**What the task requires**
Once the line with "Las Hamacas Hotel Sauce Ngoại thất bức ảnh" is found in the entries below, repeat it and each following line exactly, up to and including the line with "Żaluzje w Łodzi". Add no other lines.

===== Information given

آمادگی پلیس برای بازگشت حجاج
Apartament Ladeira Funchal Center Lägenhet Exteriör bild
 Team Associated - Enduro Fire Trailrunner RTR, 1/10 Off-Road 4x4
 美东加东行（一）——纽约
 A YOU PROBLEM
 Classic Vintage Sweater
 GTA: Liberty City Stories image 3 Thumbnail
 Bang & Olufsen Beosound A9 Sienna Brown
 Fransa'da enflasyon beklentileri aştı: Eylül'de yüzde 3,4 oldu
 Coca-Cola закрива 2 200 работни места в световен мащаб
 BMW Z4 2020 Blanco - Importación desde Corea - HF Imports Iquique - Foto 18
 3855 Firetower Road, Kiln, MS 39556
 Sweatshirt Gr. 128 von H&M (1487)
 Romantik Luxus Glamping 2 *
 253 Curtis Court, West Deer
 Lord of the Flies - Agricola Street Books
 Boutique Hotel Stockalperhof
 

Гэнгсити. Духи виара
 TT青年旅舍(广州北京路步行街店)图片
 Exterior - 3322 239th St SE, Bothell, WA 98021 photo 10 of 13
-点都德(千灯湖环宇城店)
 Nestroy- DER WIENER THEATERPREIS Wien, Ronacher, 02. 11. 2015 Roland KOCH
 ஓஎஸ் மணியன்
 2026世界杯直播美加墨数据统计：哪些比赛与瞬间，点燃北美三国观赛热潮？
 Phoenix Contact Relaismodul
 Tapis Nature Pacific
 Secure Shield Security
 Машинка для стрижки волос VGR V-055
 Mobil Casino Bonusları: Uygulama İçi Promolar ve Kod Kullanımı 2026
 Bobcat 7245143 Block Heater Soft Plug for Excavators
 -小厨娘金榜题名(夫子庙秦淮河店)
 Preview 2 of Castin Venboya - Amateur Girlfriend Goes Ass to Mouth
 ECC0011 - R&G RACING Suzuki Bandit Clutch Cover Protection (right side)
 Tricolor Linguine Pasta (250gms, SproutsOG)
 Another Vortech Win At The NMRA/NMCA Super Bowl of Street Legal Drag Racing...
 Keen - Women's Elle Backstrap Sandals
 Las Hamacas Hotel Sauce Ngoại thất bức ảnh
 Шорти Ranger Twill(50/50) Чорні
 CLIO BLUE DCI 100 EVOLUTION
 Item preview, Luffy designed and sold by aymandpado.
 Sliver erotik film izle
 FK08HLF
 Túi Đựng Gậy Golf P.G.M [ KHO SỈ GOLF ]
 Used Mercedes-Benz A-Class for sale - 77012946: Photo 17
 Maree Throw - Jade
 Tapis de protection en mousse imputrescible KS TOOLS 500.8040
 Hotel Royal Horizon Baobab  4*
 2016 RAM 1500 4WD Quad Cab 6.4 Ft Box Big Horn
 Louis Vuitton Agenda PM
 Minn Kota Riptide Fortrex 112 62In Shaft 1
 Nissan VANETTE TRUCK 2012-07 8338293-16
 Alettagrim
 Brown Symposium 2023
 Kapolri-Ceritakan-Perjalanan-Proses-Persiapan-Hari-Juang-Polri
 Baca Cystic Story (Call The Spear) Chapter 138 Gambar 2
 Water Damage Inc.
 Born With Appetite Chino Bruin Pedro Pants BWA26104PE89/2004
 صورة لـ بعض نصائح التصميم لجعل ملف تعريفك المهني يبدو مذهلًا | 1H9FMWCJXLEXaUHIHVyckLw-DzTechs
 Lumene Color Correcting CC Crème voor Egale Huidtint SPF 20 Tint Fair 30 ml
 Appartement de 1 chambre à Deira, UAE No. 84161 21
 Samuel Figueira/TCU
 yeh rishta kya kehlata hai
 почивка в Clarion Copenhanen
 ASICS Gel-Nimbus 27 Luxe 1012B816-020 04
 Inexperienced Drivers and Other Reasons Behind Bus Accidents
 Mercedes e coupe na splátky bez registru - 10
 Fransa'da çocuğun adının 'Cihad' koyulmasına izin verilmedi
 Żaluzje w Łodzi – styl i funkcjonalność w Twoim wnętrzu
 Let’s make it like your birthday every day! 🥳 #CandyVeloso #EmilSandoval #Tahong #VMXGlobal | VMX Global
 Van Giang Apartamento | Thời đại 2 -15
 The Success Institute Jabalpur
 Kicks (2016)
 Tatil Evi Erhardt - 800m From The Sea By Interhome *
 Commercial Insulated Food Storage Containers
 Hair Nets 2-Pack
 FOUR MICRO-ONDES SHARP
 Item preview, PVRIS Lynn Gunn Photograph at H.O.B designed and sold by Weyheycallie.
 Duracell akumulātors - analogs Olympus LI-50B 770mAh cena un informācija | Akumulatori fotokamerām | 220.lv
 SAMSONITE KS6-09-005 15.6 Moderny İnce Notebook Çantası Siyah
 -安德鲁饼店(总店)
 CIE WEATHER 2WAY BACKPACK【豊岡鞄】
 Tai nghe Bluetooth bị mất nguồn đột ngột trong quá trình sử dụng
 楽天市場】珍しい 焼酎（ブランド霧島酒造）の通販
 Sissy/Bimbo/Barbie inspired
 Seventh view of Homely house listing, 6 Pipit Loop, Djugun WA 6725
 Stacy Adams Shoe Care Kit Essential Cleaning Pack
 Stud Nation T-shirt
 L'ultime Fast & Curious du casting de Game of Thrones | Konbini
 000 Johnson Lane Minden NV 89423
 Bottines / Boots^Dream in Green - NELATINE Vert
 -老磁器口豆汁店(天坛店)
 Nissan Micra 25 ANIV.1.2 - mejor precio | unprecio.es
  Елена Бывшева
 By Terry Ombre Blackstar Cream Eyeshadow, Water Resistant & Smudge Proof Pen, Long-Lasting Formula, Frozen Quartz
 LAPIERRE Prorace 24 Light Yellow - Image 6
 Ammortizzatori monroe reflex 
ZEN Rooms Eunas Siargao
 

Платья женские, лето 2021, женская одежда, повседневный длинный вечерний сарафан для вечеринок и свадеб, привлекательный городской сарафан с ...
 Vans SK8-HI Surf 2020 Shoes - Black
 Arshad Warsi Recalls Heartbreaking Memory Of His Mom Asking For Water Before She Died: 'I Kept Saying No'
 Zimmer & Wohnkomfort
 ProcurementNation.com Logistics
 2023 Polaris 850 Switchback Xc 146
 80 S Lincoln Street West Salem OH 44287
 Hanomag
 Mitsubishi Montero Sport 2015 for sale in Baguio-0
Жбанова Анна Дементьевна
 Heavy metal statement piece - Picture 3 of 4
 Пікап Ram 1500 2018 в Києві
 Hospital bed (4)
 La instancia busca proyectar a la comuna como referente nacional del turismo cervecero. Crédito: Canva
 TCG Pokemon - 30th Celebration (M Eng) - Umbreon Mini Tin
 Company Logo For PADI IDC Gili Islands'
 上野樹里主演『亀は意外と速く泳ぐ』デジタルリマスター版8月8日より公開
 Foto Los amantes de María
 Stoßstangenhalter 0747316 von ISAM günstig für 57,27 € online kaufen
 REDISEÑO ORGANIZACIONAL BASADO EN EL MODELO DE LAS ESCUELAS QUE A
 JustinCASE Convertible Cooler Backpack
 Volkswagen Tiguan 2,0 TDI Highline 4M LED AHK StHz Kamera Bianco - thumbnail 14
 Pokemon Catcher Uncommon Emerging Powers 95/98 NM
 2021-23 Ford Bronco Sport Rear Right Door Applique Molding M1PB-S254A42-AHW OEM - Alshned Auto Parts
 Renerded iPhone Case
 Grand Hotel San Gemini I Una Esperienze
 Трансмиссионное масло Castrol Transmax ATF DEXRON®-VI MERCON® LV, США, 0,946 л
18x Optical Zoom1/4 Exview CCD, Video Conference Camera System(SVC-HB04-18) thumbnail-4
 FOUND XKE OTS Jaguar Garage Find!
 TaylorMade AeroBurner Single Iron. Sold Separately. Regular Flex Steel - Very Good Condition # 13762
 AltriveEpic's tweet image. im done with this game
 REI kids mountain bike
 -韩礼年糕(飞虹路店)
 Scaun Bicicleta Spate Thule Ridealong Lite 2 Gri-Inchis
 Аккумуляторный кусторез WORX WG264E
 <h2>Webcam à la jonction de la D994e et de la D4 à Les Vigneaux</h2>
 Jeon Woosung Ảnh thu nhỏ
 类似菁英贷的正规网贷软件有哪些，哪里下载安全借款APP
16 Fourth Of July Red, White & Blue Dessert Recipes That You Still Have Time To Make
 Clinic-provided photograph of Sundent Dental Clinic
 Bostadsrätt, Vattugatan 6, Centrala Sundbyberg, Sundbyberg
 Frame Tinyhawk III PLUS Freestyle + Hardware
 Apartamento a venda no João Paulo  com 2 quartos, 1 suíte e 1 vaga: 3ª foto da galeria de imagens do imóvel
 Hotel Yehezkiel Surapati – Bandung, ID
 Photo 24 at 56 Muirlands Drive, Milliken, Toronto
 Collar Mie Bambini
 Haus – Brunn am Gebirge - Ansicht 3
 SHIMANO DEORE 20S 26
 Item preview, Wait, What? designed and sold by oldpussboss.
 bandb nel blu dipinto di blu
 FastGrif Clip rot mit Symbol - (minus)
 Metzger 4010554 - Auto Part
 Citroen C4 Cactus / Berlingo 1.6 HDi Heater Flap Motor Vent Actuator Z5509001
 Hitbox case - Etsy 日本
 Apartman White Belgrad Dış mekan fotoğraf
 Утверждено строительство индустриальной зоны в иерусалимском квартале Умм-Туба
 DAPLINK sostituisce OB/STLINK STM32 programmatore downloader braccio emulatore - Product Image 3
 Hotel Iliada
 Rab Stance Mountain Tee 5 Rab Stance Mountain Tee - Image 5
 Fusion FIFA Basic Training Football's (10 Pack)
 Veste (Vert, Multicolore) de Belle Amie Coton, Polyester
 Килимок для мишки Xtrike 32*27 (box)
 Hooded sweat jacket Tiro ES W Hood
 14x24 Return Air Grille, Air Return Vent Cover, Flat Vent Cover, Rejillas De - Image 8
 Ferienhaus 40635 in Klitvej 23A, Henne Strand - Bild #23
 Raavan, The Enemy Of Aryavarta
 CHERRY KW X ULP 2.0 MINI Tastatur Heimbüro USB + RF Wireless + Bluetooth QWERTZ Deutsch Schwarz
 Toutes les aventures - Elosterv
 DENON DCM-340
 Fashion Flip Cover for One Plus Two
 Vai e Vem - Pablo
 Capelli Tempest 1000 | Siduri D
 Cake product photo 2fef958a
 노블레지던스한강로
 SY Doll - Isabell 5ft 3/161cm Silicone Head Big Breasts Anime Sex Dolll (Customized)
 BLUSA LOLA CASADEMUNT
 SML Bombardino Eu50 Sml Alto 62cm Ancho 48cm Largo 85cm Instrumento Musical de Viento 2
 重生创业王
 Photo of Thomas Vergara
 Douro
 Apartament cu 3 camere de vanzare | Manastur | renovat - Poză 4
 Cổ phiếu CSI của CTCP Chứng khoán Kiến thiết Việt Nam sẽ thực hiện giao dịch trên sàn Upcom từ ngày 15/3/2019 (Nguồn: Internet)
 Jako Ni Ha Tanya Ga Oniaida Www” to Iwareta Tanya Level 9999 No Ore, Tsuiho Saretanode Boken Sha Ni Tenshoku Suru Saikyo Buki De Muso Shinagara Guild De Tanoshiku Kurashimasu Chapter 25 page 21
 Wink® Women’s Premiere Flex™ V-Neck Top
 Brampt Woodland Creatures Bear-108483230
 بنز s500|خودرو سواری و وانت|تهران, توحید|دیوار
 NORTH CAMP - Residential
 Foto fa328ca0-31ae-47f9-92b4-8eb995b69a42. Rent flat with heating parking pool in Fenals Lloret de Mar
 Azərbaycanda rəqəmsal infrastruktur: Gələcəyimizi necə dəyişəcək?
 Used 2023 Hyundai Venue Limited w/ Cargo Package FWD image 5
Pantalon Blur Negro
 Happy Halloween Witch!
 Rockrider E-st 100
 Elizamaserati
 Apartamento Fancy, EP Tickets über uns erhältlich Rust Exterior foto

==========

**Solution below**
 Las Hamacas Hotel Sauce Ngoại thất bức ảnh
 Шорти Ranger Twill(50/50) Чорні
 CLIO BLUE DCI 100 EVOLUTION
 Item preview, Luffy designed and sold by aymandpado.
 Sliver erotik film izle
 FK08HLF
 Túi Đựng Gậy Golf P.G.M [ KHO SỈ GOLF ]
 Used Mercedes-Benz A-Class for sale - 77012946: Photo 17
 Maree Throw - Jade
 Tapis de protection en mousse imputrescible KS TOOLS 500.8040
 Hotel Royal Horizon Baobab  4*
 2016 RAM 1500 4WD Quad Cab 6.4 Ft Box Big Horn
 Louis Vuitton Agenda PM
 Minn Kota Riptide Fortrex 112 62In Shaft 1
 Nissan VANETTE TRUCK 2012-07 8338293-16
 Alettagrim
 Brown Symposium 2023
 Kapolri-Ceritakan-Perjalanan-Proses-Persiapan-Hari-Juang-Polri
 Baca Cystic Story (Call The Spear) Chapter 138 Gambar 2
 Water Damage Inc.
 Born With Appetite Chino Bruin Pedro Pants BWA26104PE89/2004
 صورة لـ بعض نصائح التصميم لجعل ملف تعريفك المهني يبدو مذهلًا | 1H9FMWCJXLEXaUHIHVyckLw-DzTechs
 Lumene Color Correcting CC Crème voor Egale Huidtint SPF 20 Tint Fair 30 ml
 Appartement de 1 chambre à Deira, UAE No. 84161 21
 Samuel Figueira/TCU
 yeh rishta kya kehlata hai
 почивка в Clarion Copenhanen
 ASICS Gel-Nimbus 27 Luxe 1012B816-020 04
 Inexperienced Drivers and Other Reasons Behind Bus Accidents
 Mercedes e coupe na splátky bez registru - 10
 Fransa'da çocuğun adının 'Cihad' koyulmasına izin verilmedi
 Żaluzje w Łodzi – styl i funkcjonalność w Twoim wnętrzu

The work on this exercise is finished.